3. Major issues: numbered. Focus on claim strength, evidence linkage, methods,
   timing, interpretation, tables, and figures. Each item uses the same
   exact-location and minimal-fix format as blocking issues.
4. Minor issues: one line each. Include wording, notation, citations, and
   formatting.
5. Section-by-section notes: Abstract, Introduction, Market/Target, Data/Timing,
   Methods, Results, Discussion, Conclusion, Appendix.
6. Table and figure routing: keep in main text, move to appendix, remove, or
   fix.
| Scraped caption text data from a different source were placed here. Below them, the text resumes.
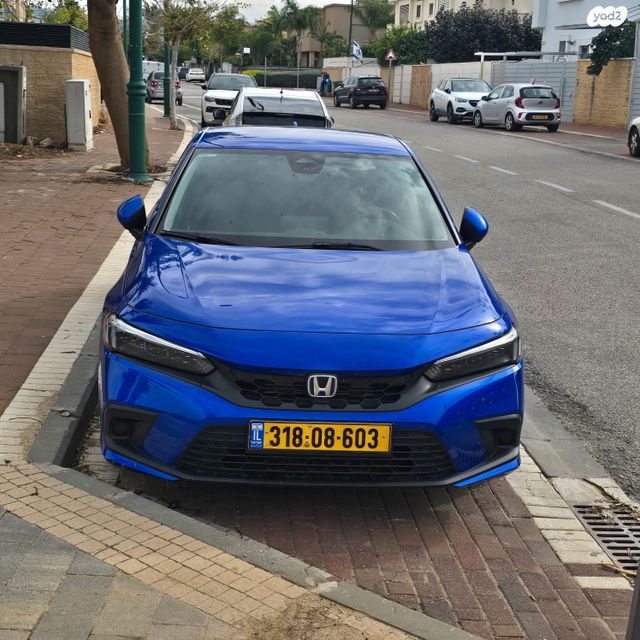 סיוויק Elegance היברידי אוט׳ 2.0 (145 כ״ס)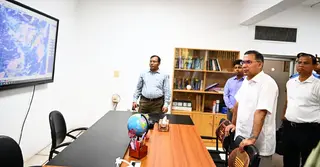 মহাকাশ গবেষণা প্রতিষ্ঠান ‘স্পারসো’ আকস্মিক পরিদর্শনে প্রধানমন্ত্রী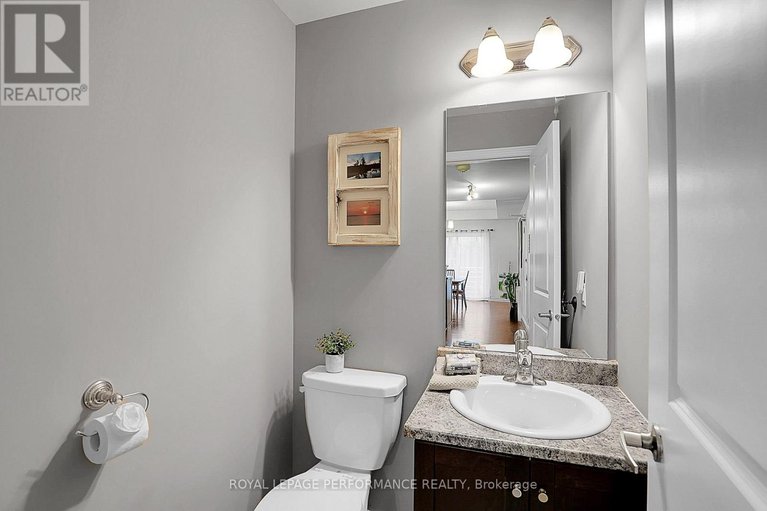 28468880/2-40-prestige-circle/chatelaine-village/ottawa/ontario/K4A0W9_12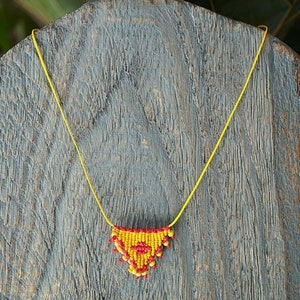 Handgemachte Makramee Kette: Boho Häkel Amulett mit Glasperlen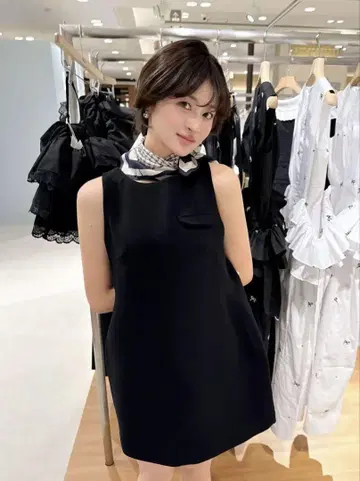 비비 Rory 미니 드레스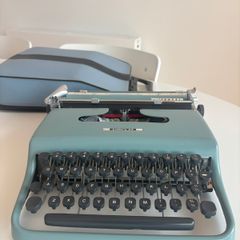 Olivetti Lettera 22 typewriter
Include rendered-PDF readability problems. One line per item.
7. Evidence and build status: audit_evidence.py exit code, make audit status,
   make draft status, make wiley status, unresolved citation/reference status,
   evidence lock status, forbidden-claim scan, and readiness level.
8. Numbers audit: list any text/table/caption mismatch in N, breach rate,
   exception count, loss, p-value, sample date, or claim scope.
9. Terminology audit: list inconsistent terms and the canonical replacement.
10. Final action list: ordered, directly implementable, under 200 words.

Do not praise the manuscript unless the praise explains why a suspected issue is
not an issue. Do not speculate beyond the locked evidence.